The district also has a 24-hour maintenance call team that responds to broken windows, thefts and break-ins.
Richmond County sheriff's Investigator Kendall Brown said the motive in copper thefts is mostly money. The trade-in value for copper is on the rise, so the area has had considerably more incidents of stolen trade-ins.
Brown said the Metal Theft Task Force helped make two arrests in a Thursday copper theft at C.T. Walker Traditional Magnet School.
After the suspects dismantled air conditioners, causing $8,000 in damage, they took the copper tubing and aluminum radiation coils to Campbell Recycling on Dan Bowles Road, Brown said.
They cashed the parts in for $82, but employees tipped off Brown to the suspicious transaction, the investigator said.
Through review of surveillance video, deputies were able to track down two of the three suspects to a vehicle in Cherry Tree Crossing.
Officers arrested Charlie Jones III, 19, and charged him with second-degree criminal damage to property, along with Brittney Asberry, 23, on one count of theft by receiving stolen property over $500.
Brown said the sheriff's office has issued an arrest warrant for Charlestoneus Rodriquez Jones, the third suspect.
"We're being more proactive rather than waiting for a theft report and having to be reactive," Brown said.

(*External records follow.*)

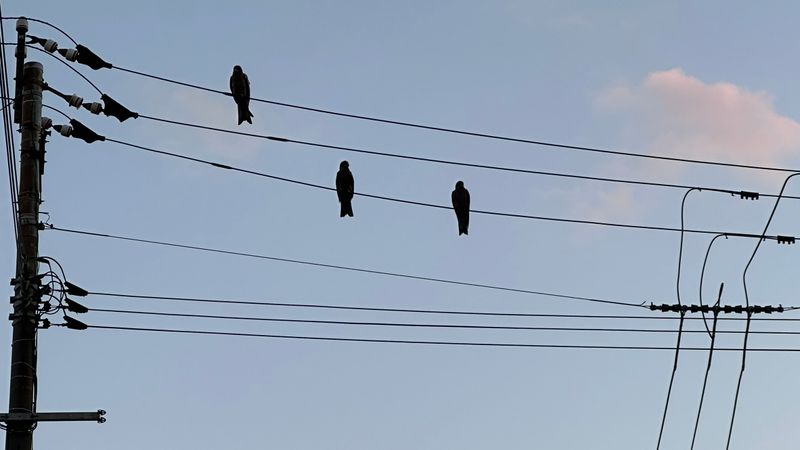 IMG_4655.JPEG
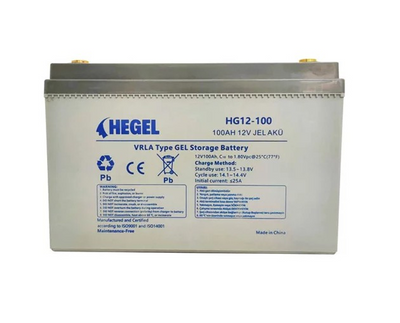 Акумуляторна батарея HEGEL HG12-100 Ah 49204710 фото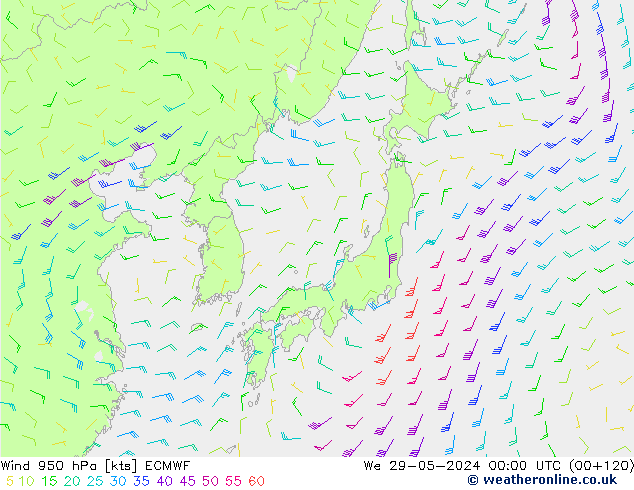 Wind 950 hPa ECMWF St 29.05.2024 00 UTC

In its second week of work, the task force has made more than seven arrests and has two outstanding warrants in copper theft-related crimes.
When the task force did its investigations in 2008, officers arrested more than 300 people in those crimes. The area was reporting almost 70 thefts each month at the beginning of the year, and the task force decreased that number to two per month by October, Brown said.
"The majority is drug-related, but it's economy-fueled, too," Brown said. "When the market prices (for metal) go up, most criminals, they can't help themselves. We're pulling people over, we're putting them in handcuffs, so we're starting to get back in the swing of things."
Frank Goulding, the vice president of marketing for Newell Recycling LLC, said recycling centers and junkyards are taking measures to prevent criminals from getting away with thefts.
When any person comes in to sell a part for money, the centers make a copy of the person's driver's license, note a vehicle description and keep a log of each metal part the center buys.
These records are shared with law enforcement agencies within the task force to keep track of all trades.